Depending on your financial goals, fixed income, including bonds, can offer a variety of benefits.

Capital stability

Protection of capital, while providing a potential return, is the primary benefit of fixed income. Fixed income securities are less volatile than other assets such as shares and commodities, this owes to the greater legal contingencies protecting bondholders. This means that fixed income investments can be useful to investors with lower risk appetites.


Fixed income securities pay reliable income. The size of income payments will depend on the risks investors take. Generally speaking, more risk creates more income. For example, buying the bonds of riskier companies – sometimes called sub-investment grade – can come with higher yields. So too can buying bonds with maturity dates in the very distant future. Higher income usually owes to higher risk, meaning bond investing involves a balance between risk appetite and hunger for yield.


Fixed income securities can be used to diversify portfolios. As fixed income securities are usually less volatile than shares, they are often used to provide ballast in portfolios and limit drawdowns.

What are the risks of investing in fixed income?

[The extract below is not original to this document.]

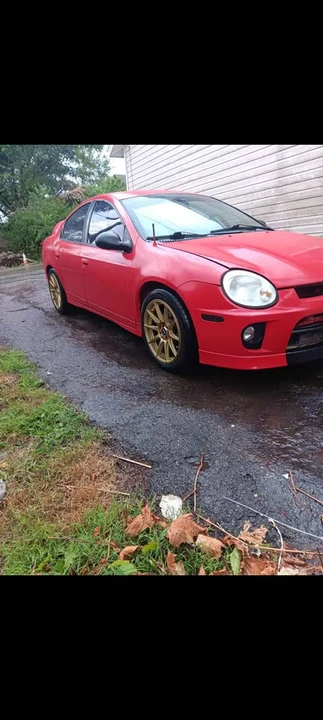 2004 Dodge Neon SRT-4 - Image 2 of 6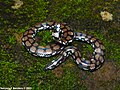 Thumbnail for Ceylonese cylinder snake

While less risky than investing in shares, fixed income investing comes with risks nonetheless. There are three major risks.

Rising interest rates

When interest rates rise, bond values typically fall. The degree to which rising interest rates cause a bonds value to fall is measured through “duration”. As such, monetary policy and central bank decisions – or even market expectations of monetary policy or central bank decisions – impact bond values.


Bond holders suffer losses when companies or governments fail to repay. This risk is usually called credit risk, and is typically measured by credit ratings agencies, such as S&P, Moody’s, Fitch. More creditworthy borrowers receive investment grade ratings and usually borrow money at lower interest rates.


Inflation erodes the real value of bonds. As bonds provide fixed payments over specified dates, if the size of bond coupon payments is outpaced by inflation investors can suffer losses. For this reason, bonds are best thought of as a hedge against deflation, not inflation.

What is US fixed income?

Bond markets are common around the world. Australia, like most other countries, has one. Companies – and governments – looking to raise money can shop between jurisdictions when raising capital. For example, foreign companies often borrow money in Australia. (When foreign companies raise Aussie dollar bonds, their bonds are called “Kangaroo bonds”).

The US Treasuries Market is Deep and Liquid

The_US_Treasuries_Market_is_Deep_and_Liquid_US_6f31b8202f.pngSource: SIFMA. Data sourced on 29 June 2022.

While global, the largest bond market by a substantial margin is in the US. Companies – including Australian companies – will tap the US capital market to raise money. For borrowers, the primary advantages of raising money in the US are that the US dollar is the world’s reserve currency. And the fact that the US bond market is supported by the largest banking ecosystem, providing easier access to credit.